• [DATA FOR THIS EXERCISE]:
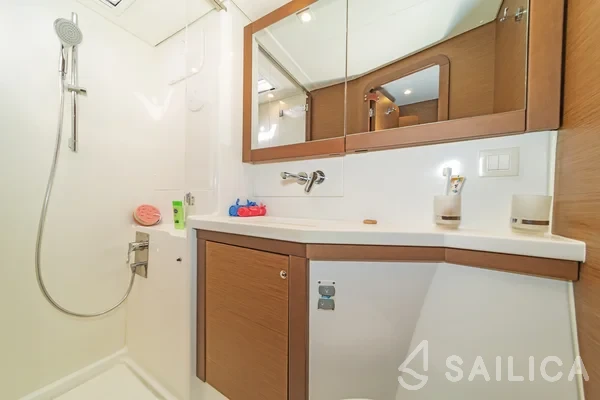 Lagoon 450  Flybridge - Yacht Charter Sailica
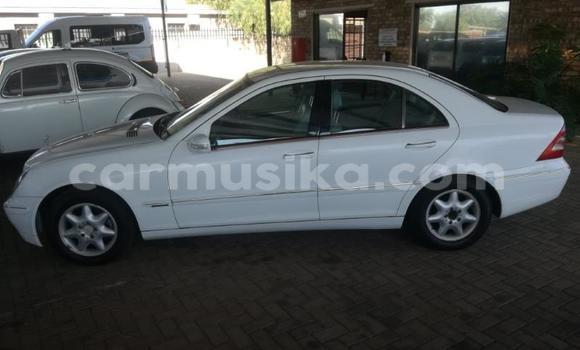 Buy Used Mercedes‒Benz C–Class White Car in Beitbridge in Matabeleland South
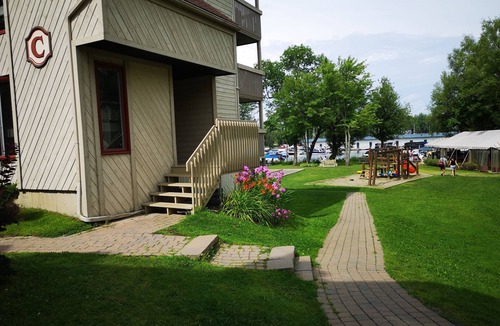 Magog Apartment | Condo of the Inn on the shore of Lake Memphremagog
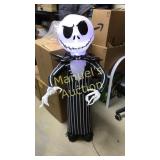 3.5' INFLATABLE LIGHTED HALLOWEEN BLOWUP 3.5' INFLATABLE LIGHTED HALLOWEEN BLOWUP
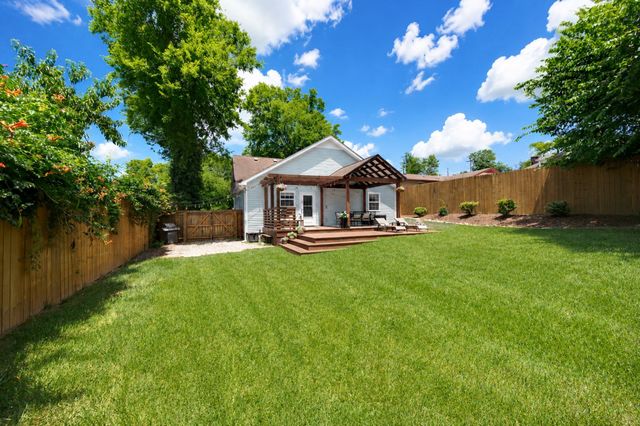 804 Crockett St, Nashville, TN 37207
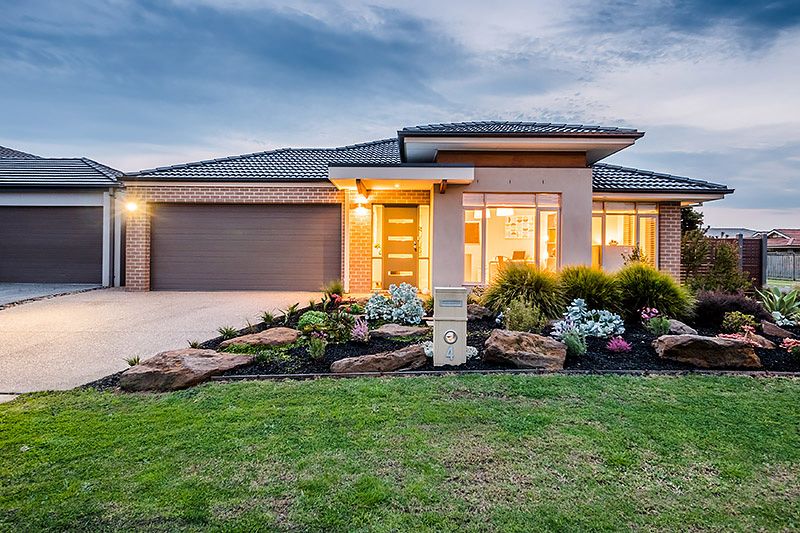 4 bedrooms House in 4 Marglen Place LYNDHURST VIC, 3975
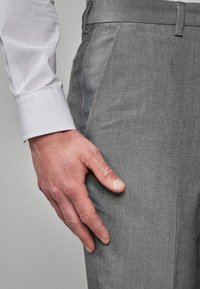 Next SUIT TROUSERS REGULAR FIT - Pantaloni eleganti - grey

• [TRY IT]:
From the first line to the last, reproduce the listing above exactly, leaving the pictures out.

• [RESULT OF THIS EXERCISE]:
 Lagoon 450  Flybridge - Yacht Charter Sailica
 Buy Used Mercedes‒Benz C–Class White Car in Beitbridge in Matabeleland South
 Magog Apartment | Condo of the Inn on the shore of Lake Memphremagog
 3.5' INFLATABLE LIGHTED HALLOWEEN BLOWUP 3.5' INFLATABLE LIGHTED HALLOWEEN BLOWUP
 804 Crockett St, Nashville, TN 37207
 4 bedrooms House in 4 Marglen Place LYNDHURST VIC, 3975
 Next SUIT TROUSERS REGULAR FIT - Pantaloni eleganti - grey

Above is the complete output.